## DATASET RECORDS
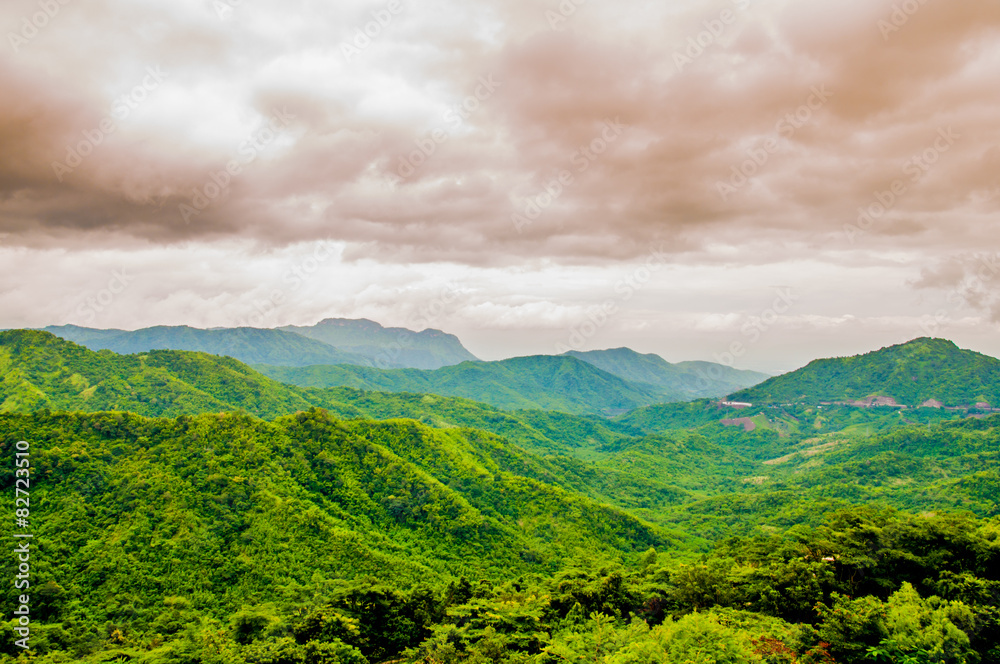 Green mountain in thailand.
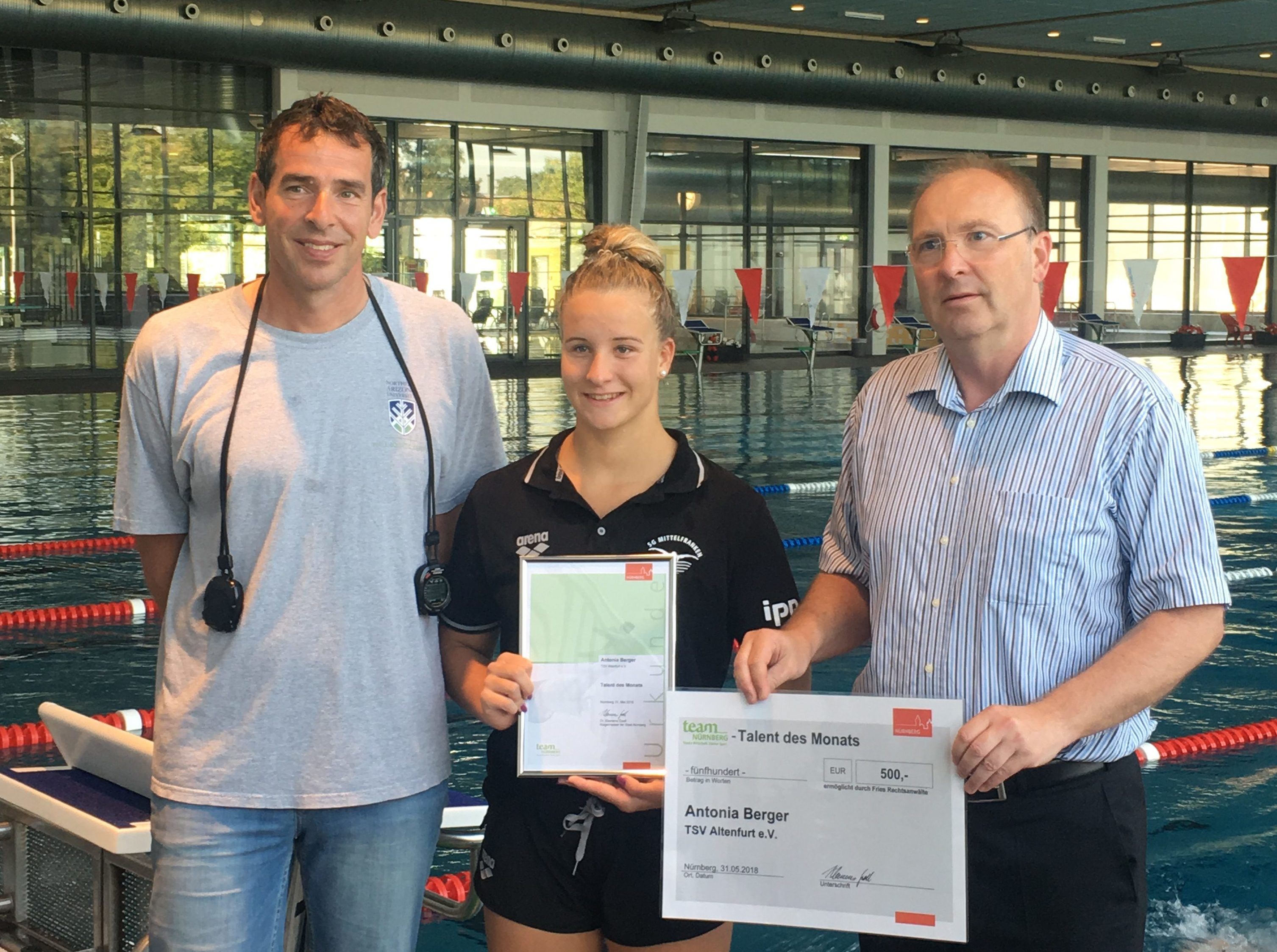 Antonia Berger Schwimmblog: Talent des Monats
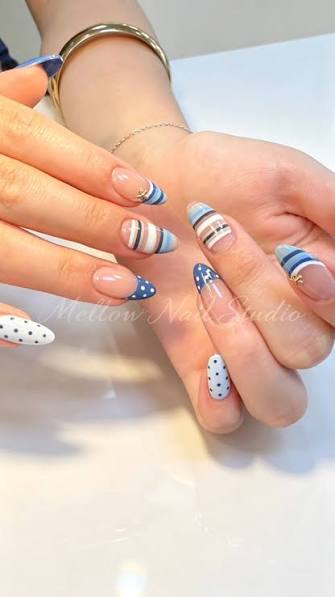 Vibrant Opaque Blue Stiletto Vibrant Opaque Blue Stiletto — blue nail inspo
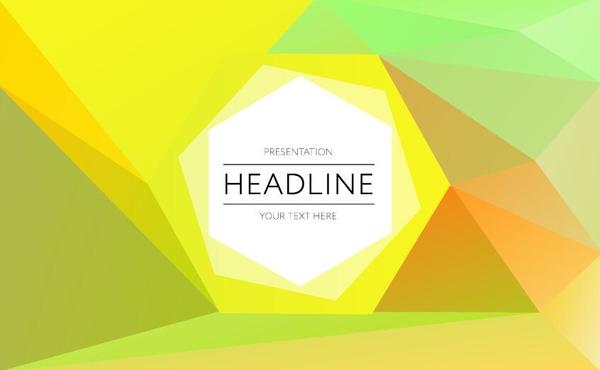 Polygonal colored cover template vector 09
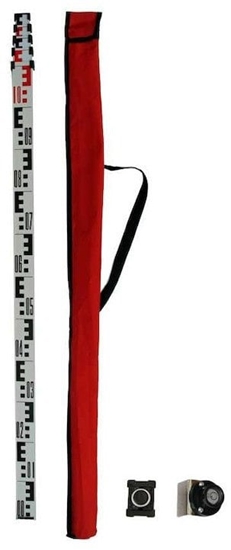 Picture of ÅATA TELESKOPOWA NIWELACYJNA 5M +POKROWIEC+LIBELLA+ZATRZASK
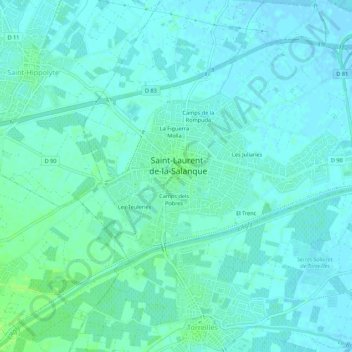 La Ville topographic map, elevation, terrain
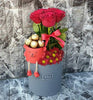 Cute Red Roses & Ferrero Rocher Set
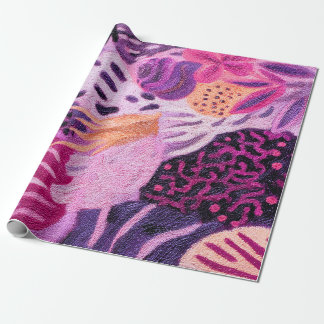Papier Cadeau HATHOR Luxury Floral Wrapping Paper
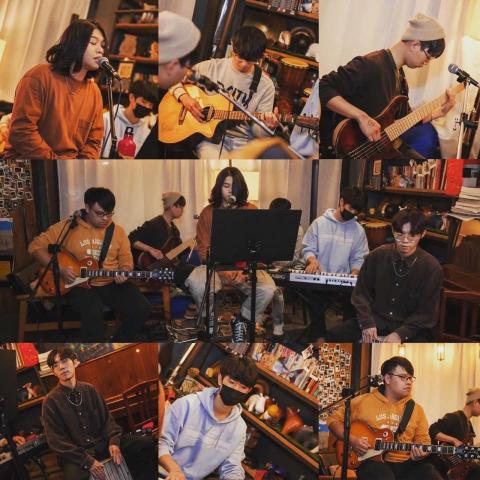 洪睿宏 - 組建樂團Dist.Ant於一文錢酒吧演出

## REQUIRED ACTION
Please print each entry exactly as it stands, without the pictures.

## EXERCISE OUTPUT
 Green mountain in thailand.
 Antonia Berger Schwimmblog: Talent des Monats
 Vibrant Opaque Blue Stiletto Vibrant Opaque Blue Stiletto — blue nail inspo
 Polygonal colored cover template vector 09
 Picture of ÅATA TELESKOPOWA NIWELACYJNA 5M +POKROWIEC+LIBELLA+ZATRZASK
 La Ville topographic map, elevation, terrain
 Cute Red Roses & Ferrero Rocher Set
Papier Cadeau HATHOR Luxury Floral Wrapping Paper
 洪睿宏 - 組建樂團Dist.Ant於一文錢酒吧演出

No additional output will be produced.